They say that the three most important considerations in business is location, location, location. If you’re starting a new business that operates primarily offline, location is still critical. But is it critical for online businesses, too? Yes, but in a different way. Online location is akin to having the right URL and the right keywords and the right text-based advertising (like Google AdWords).
So, in two slightly different ways, location is still an important part of doing business. A business plan has two purposes and will serve one or both: One purpose is to raise additional capital and the other purpose is to simply outline in detail how you can succeed in your business (- operating like a user’s manual).

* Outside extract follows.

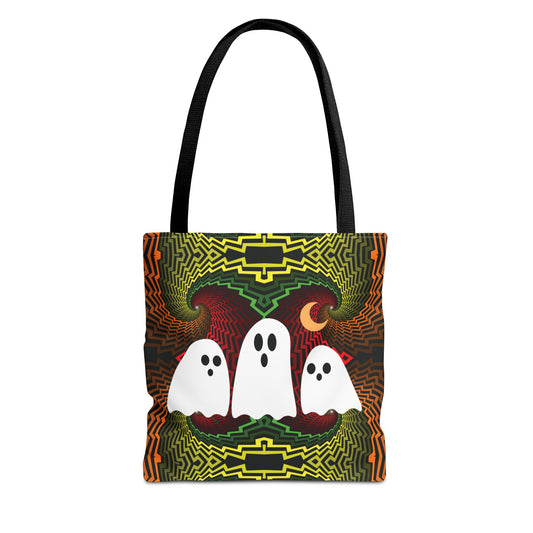 A tote bag with black handles, featuring a colorful psychedelic graphic of three white ghosts against a green, yellow, and orange patterned background.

Essentially, you will want to answer two questions: “Why here?” and “How can I succeed here?” You will need both of these questions answered for both purposes.
Why here, for the bricks and mortar location, will be the physical address (or addresses) where your business will take place. For the online address, you will want to talk about your host and your website- whatever you didn’t talk about in the marketing plan (since there is some cross-over subject matter). When outlining “why here” you will want to talk about these things.
- The elements that attracted you to this location.
- The process you went through to identify this location as the location of choice; in other words, how you narrowed it down from the entire city to the specific location, or from the vast range of URLs to the specific URL you’re going to use.
- Demographic analysis of the people in the area. Be sure to focus in on the make-up of your target market. If you market to women aged 18- 35, you may want to talk about what the overall demographic makeup is in your area and (in greater detail) the demographics of the areas women who are aged 18 – 35.
- Traffic patterns (For example: Time of day – are there rush hours when you’ll be busier?)
- Refer to your marketing plan section where you might talk about how your signage will receive greater exposure at certain times or how your advertising appropriately targets your market.
- Competition in the area.
How can I succeed here?
This is the section that many will want to read, especially since many business plans do not include this. (Rather, they simply give the data, above, without taking this next step of analyzing the data for maximum success).
- Challenges you will overcome. For example, is it difficult to make a left turn across traffic to get to your store? Do people have to “feed the meter”? Those could substantially reduce your target market.
- What your competitors are doing and what you will do differently. (Of course, you probably already did quite a bit of this in the marketing plan section, but this has a slightly different focus and you may want to reference some of those ideas).
- Outline best case scenario and contingency plans, referencing your marketing plan against your demographics.
- Find competitors in the same area, or in an area of similar demographics, and identify what they’re doing to be successful.